(Task details) Each record that follows is to be transcribed exactly, excluding its images.

(Supplied material)
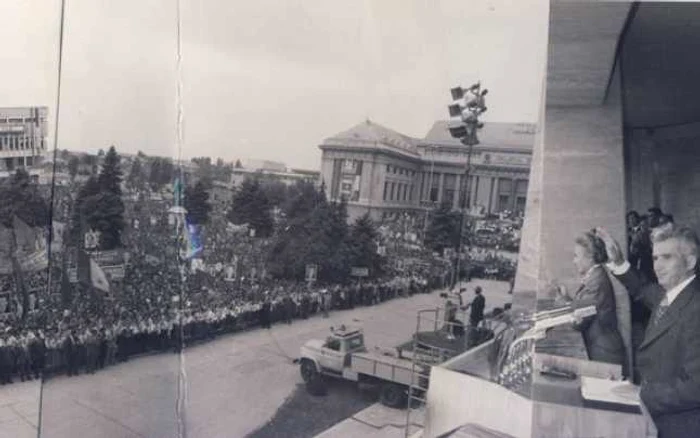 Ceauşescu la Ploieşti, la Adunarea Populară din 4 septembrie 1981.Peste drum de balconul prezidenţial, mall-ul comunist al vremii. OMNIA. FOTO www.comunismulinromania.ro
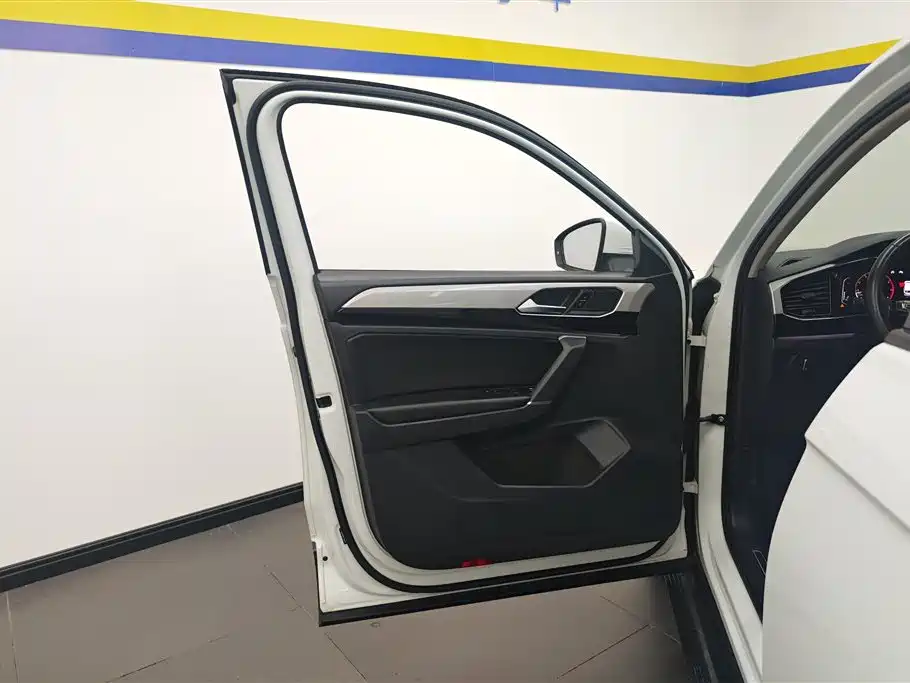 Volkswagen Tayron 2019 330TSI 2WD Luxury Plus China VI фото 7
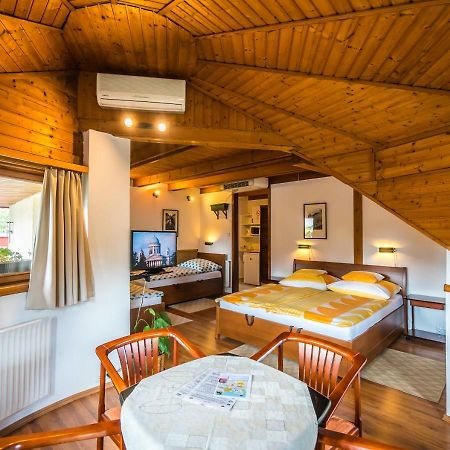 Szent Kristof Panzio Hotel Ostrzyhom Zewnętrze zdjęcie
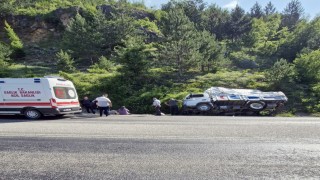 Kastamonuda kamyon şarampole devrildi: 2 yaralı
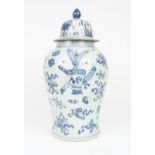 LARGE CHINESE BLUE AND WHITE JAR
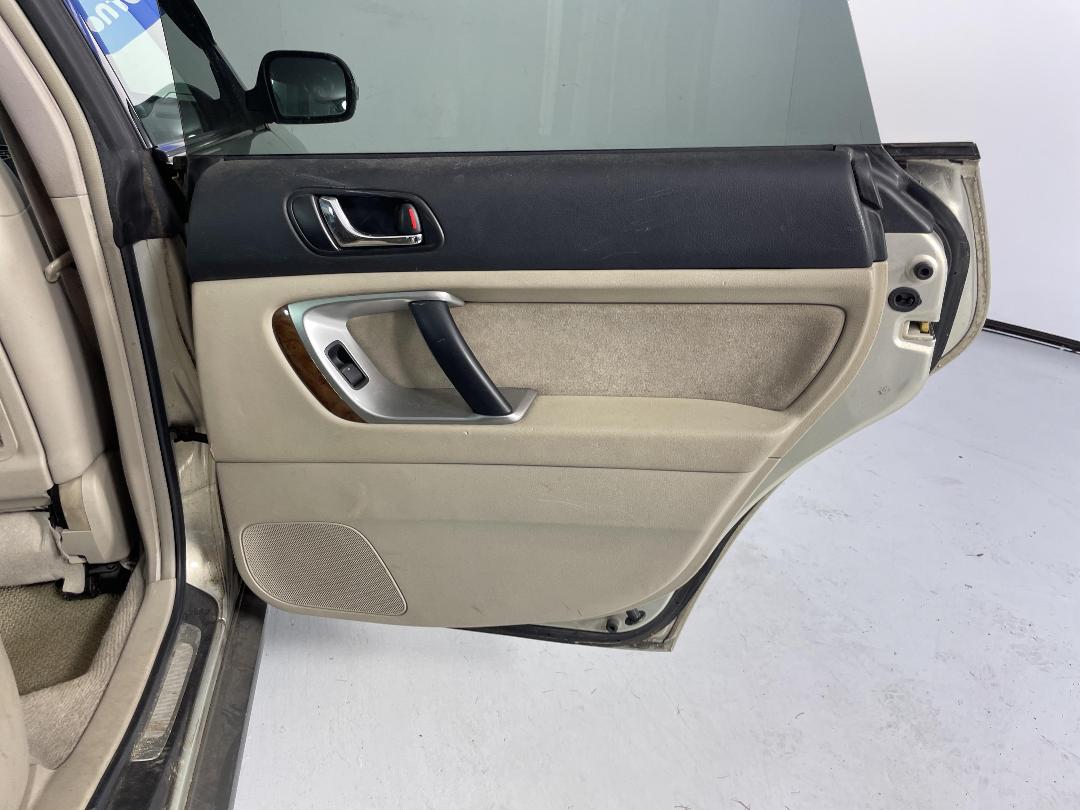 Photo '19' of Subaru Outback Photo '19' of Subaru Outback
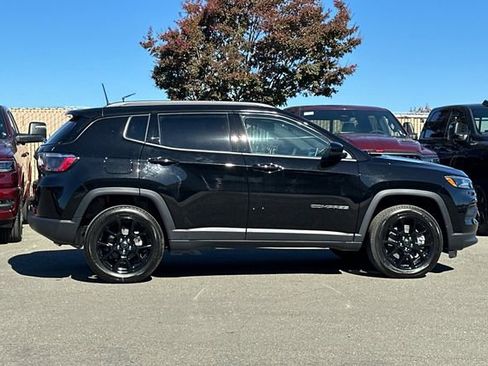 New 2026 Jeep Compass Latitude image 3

(Exercise answer)
 Ceauşescu la Ploieşti, la Adunarea Populară din 4 septembrie 1981.Peste drum de balconul prezidenţial, mall-ul comunist al vremii. OMNIA. FOTO www.comunismulinromania.ro
 Volkswagen Tayron 2019 330TSI 2WD Luxury Plus China VI фото 7
 Szent Kristof Panzio Hotel Ostrzyhom Zewnętrze zdjęcie
 Kastamonuda kamyon şarampole devrildi: 2 yaralı
 LARGE CHINESE BLUE AND WHITE JAR
 Photo '19' of Subaru Outback Photo '19' of Subaru Outback
 New 2026 Jeep Compass Latitude image 3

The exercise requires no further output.